Batch Operations Guide

Multilogin X Script Runner Playbook

This guide formalizes script-runner usage into a controlled batch workflow with payload contracts, safety checks, and incident-aware execution limits.

Updated: 2026-04-05 | Input references: automation handbook and run-script examples in reference repositories.

Verification Summary

What to check for Multilogin X Script Runner Playbook

This page provides a concise, evidence-first guide for Multilogin X Script Runner Playbook. Focus: provide actionable verification steps and real-world checks so procurement decisions are based on repeatable evidence, not promotional claims. Run a short pilot in a test account (3 sessions), capture browser versions, proxy settings, and checkout eligibility responses. Document failures with timestamps and screenshots and use them to decide whether to proceed with annual commitments. Share the evidence pack with procurement and ops for reproducible validation. Include a brief case note at the end of each pilot with a go/no-go recommendation.

Payload Contract

Minimum Request Shape

{
  "script_file": "profile.py",
  "profile_ids": [
    {
      "profile_id": "2b91e901-4606-46fc-af20-f93a8865a7ff",
      "is_headless": true
    }
  ]
}

Keep schema strict so failed payloads are rejected early instead of poisoning whole batches.

Execution Safety

Batch Strategy That Does Not Collapse

Step 1: Validate payload schema and profile ownership before queueing.
Step 2: Split workloads into small cohorts with max concurrency limits.
Step 3: Track each job by trace_id, profile_id, and script_version.
Step 4: Stop or quarantine a cohort when failure ratio crosses threshold.
Step 5: Save run evidence and summarize pass-fail matrix for decision pages.

Recommended Thresholds

  • Max batch size: 10 profiles per wave for initial rollout.
  • Failure stop trigger: > 20% in any 10-minute window.
  • Retry cap: 1 immediate retry, then quarantine.
  • Timeout classes split by startup, runtime, and cleanup.

Evidence Fields

  • trace_id and batch_id
  • profile_id and script_file
  • headless flag
  • duration_ms and end_state
  • failure_class and rollback_action

Pseudo Control Loop

def run_batch(batch):
    results = []
    for job in batch:
        if should_pause_batch(results):
            quarantine_remaining(batch, results)
            break

        result = run_script_job(job)
        results.append(result)

    publish_batch_summary(results)
    return results

Pause and quarantine logic is more valuable than blind retries under unstable conditions.

Failure Matrix

Common Script Runner Problems

Problem Likely cause Fast action
Batch-wide crash wave Single malformed payload pushed to full cohort Introduce schema gate and canary cohort before full run.
Random timeout spikes No per-stage timeout budget Split timeout by startup, run, and stop stages.
Orphan sessions after failure No cleanup enforcement Force stop in finally and track cleanup result codes.
No audit trace for incidents Weak logging schema Use mandatory trace_id and batch summary artifacts.

Affiliate Connection

Use Batch Reliability to Qualify Buyer Traffic

Readers trust recommendations more when they see controlled run evidence.
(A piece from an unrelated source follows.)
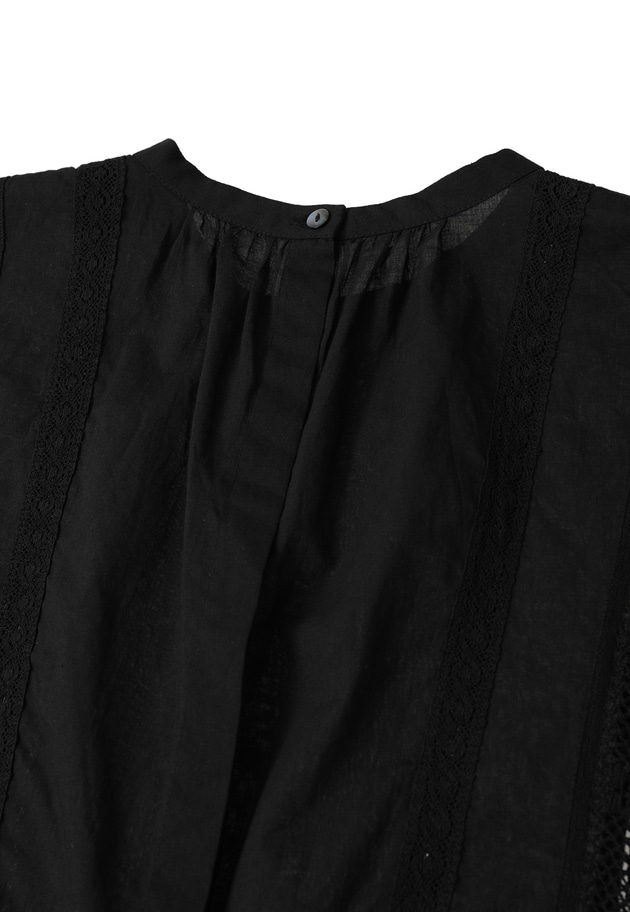 【WEB限定】＜normment（ノーメント）＞ &ldquo;MANNY LACE&rdquo;ノースリーブブラウス 詳細画像 Black 14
Publish your pass thresholds, then route to commercial pages.

FAQ

Script Runner Questions

What is the biggest batch risk?

Failure propagation from one invalid payload or profile state to the whole cohort.

Should headless mode always be on?

No, use it only where your workload and repeated checks confirm stable behavior.

How does this improve affiliate conversion quality?

Evidence-backed reliability attracts better-fit buyers and reduces low-confidence traffic.